Frank Soliwoda served his country during World War II.

Monday, at the Momentum at South Bay for Rehabilitation and Nursing in East Islip, where Soliwoda lives, staffers applauded as he received a citation from the New York State Assembly, honoring him as one of Long Island’s oldest veterans.

It was a scene like many other Veterans Day tributes at nursing homes across Long Island over the past several days — employees pausing to recognize the elderly Americans in their care, both men and women — who served in the armed forces.

“I am so excited by all of this,” said Soliwoda, 100, a World War II Army veteran who went ashore at Normandy to fight the Nazis, and took them on again later  in the Battle of the Bulge.
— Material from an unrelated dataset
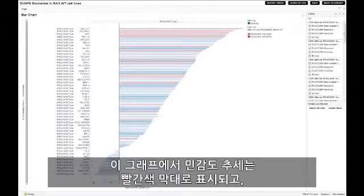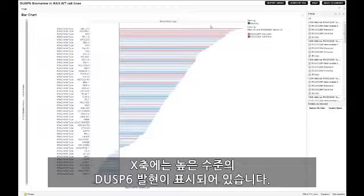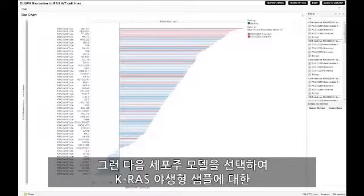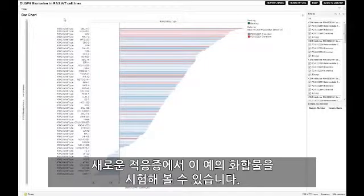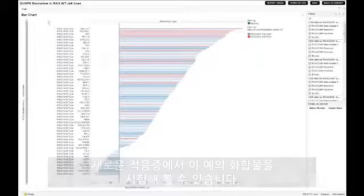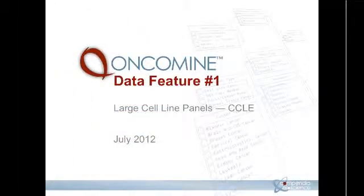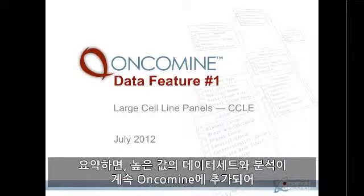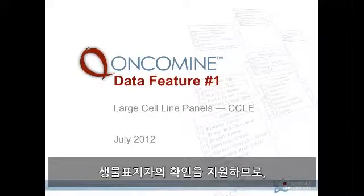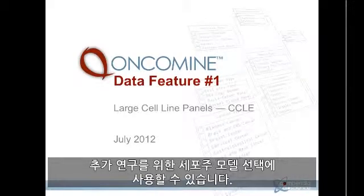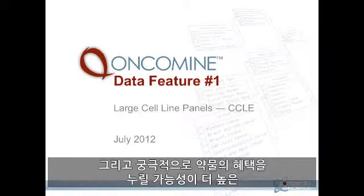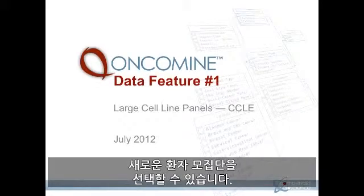From this plot, we see the trend of sensitivity indicated by the red bars and high expression of DUSP6 as indicated on the X-axis. We can then select our cell line models to test our compound in the new indication of KRAS wild-type status samples. In summary, high-value datasets and analyses continue to be added to Oncomine to drive the identification of biomarkers that can be used to select cell line models for further investigation, and ultimately to select new patient populations that are more likely to benefit from the drug.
Soliwoda is among the estimated 130,000 veterans living on Long Island. Out of the 18 million American veterans in 2018, half are older than 65, according to the United States Census Bureau. 

Veterans Day originated as “Armistice Day” on Nov. 11, 1919, as America honored the first anniversary of World War I's end 12 months earlier. In 1954, Congress changed the name to “Veterans Day,” to honor all who served in the U.S. military.

Soliwoda entered the Army a year before the U.S.entered World War II after the Dec. 7, 1941, attack on Pearl Harbor by Japanese forces.

He survived the war, despite threats and mishaps that began even before he was of sight of his native Brooklyn.

As the troop ship carrying him to Europe left New York Harbor, it collided with another vessel, returned to dock as a precaution, and never caught up with the other ships in the protective convoy for the trans-Atlantic trip.

Chosen to participate in the bloody D-Day invasion of France, Soliwoda did not reach Normandy until the day after, sparing him the worst of the fighting.   

He even survived the Battle of the Bulge, a desperate struggle in a brutal winter that veterans alive in 2018 who were there nearly 74 years ago often recall with dread. 

“I don’t like to think about it,” Soliwoda said of the storied battle in late 1944 and early 1945 between allied forces and  Adolf Hitler's German army.

He lowered his eyes, his voice grim.

“It was extremely cold,” Soliwoda said.

Joseph Siringo, 88, who also lives in the East Islip nursing home and served in the Army Air Corps, never saw combat. But just like every American who has worn a military uniform, he is a veteran, too.

Like many vets, Siringo said his military service gave him a broader view of the world than the one he had growing up in Bensonhurst.

He recalled taking a train west with about a dozen fellow recruits, when two of his comrades, who were African American, were refused service in the dining car.

“My military service taught me a lot of lessons, especially about prejudice,” said Siringo. “So we all ate together in the back of the train.” 

Soliwoda served every day of the war, and remembers his reaction when word reached him that his nearly five years in the Army were over.

“Like everyone else, we threw our caps in the air, fired a salute, and wished everyone a good journey home,” he said. “Just surviving the war was a big plus.”